Lire aus­si I Océane Balland, agri’youtubeuse

Pourtant, d’après les chiffres de la Mutualité sociale agri­cole, seules 59 % des cheffes d’exploitations agri­coles et col­la­bo­ra­trices ayant accou­ché en 2020 ont eu recours à ce ser­vice. « Ce n’est pas simple, pour y avoir droit il faut s’y prendre très tôt dans cer­tains ter­ri­toires. On manque cruel­le­ment d’agents de rem­pla­ce­ment », sou­pire Manon Pisani. C’est pour­quoi pour la jeune femme, le pro­chain grand chan­tier de sa géné­ra­tion sera la géné­ra­li­sa­tion du ser­vice de rem­pla­ce­ment. « Le modèle fami­lial a évo­lué, on a beau­coup de familles mono­pa­ren­tales, on doit démo­cra­ti­ser ce ser­vice pour l’adapter à notre quo­ti­dien, avec par exemple des heures de ménage ou de garde d’enfant », propose-t-elle. 

Des avan­cées néces­saires pour l’avenir de la pro­fes­sion, qui assiste actuel­le­ment à un renou­vel­le­ment de sa géné­ra­tion.

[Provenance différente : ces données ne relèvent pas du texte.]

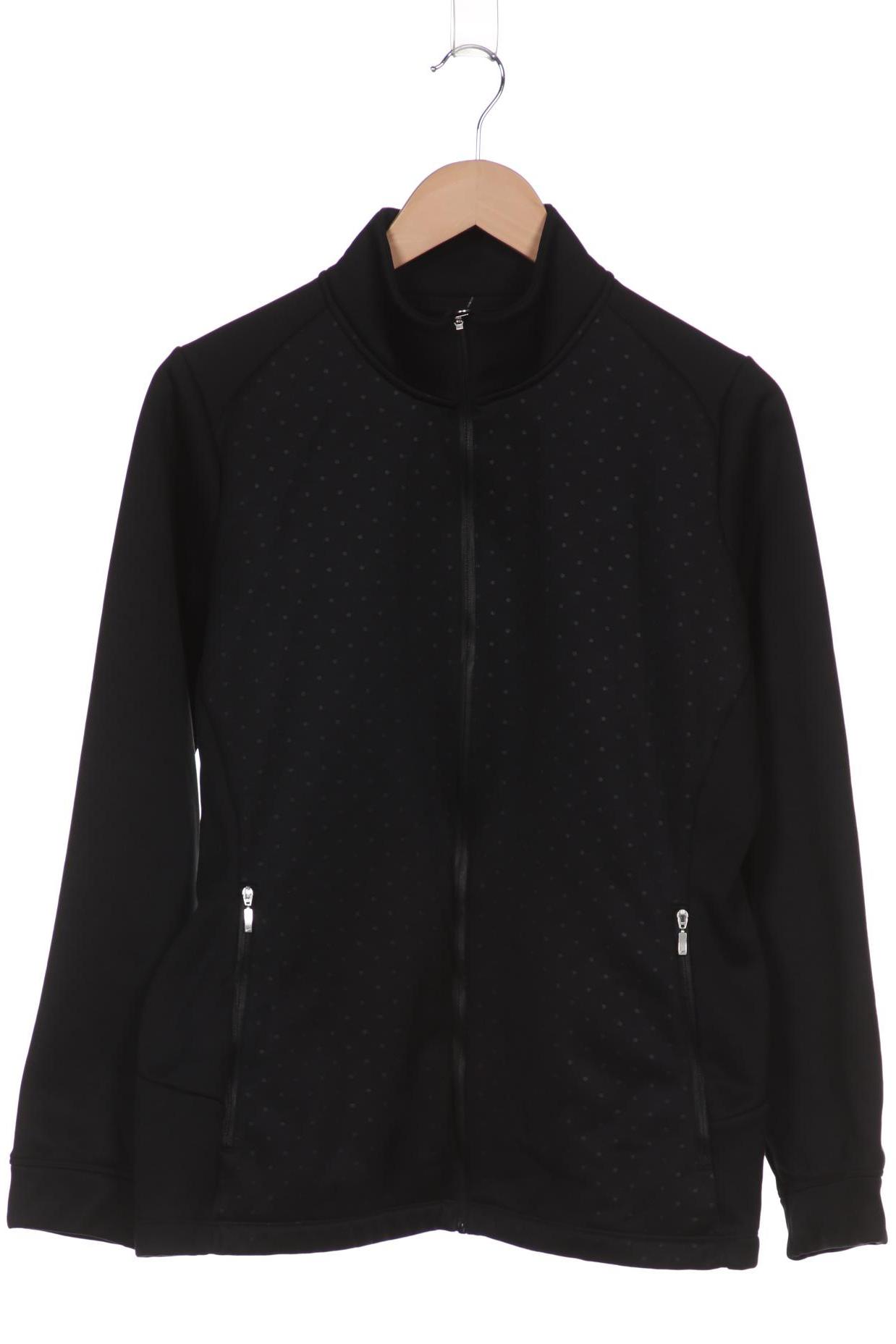 

Nike Golf Damen Jacke, schwarz, Gr. 44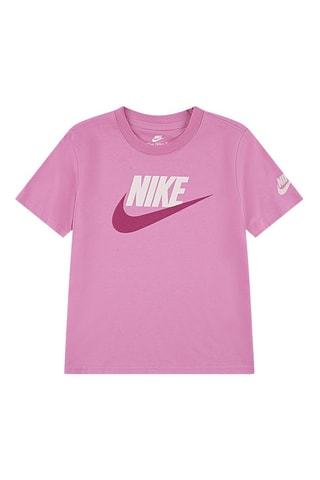 T-shirt - Rose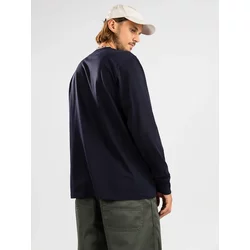 Carhartt WIP Shirt, modra
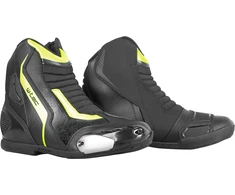 Motorcycle Boots W-TEC GlamCE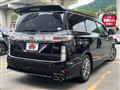 2015 Nissan Elgrand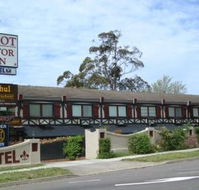 Ascot Motor Inn - Accommodation Sunshine Coast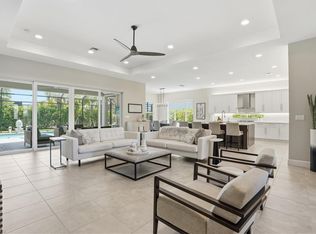 11644 Periwinkle DR, NAPLES, FL 34120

La cheffe d’exploitation Jacqueline Cottier, qui pren­dra sa retraite dans quelques années, en est convain­cue, « ce renou­vel­le­ment se fera par et avec les femmes ». Pour elle, il est assu­ré : sa petite fille de seize ans, se voit déjà mar­cher sur les pas de sa grand-mère.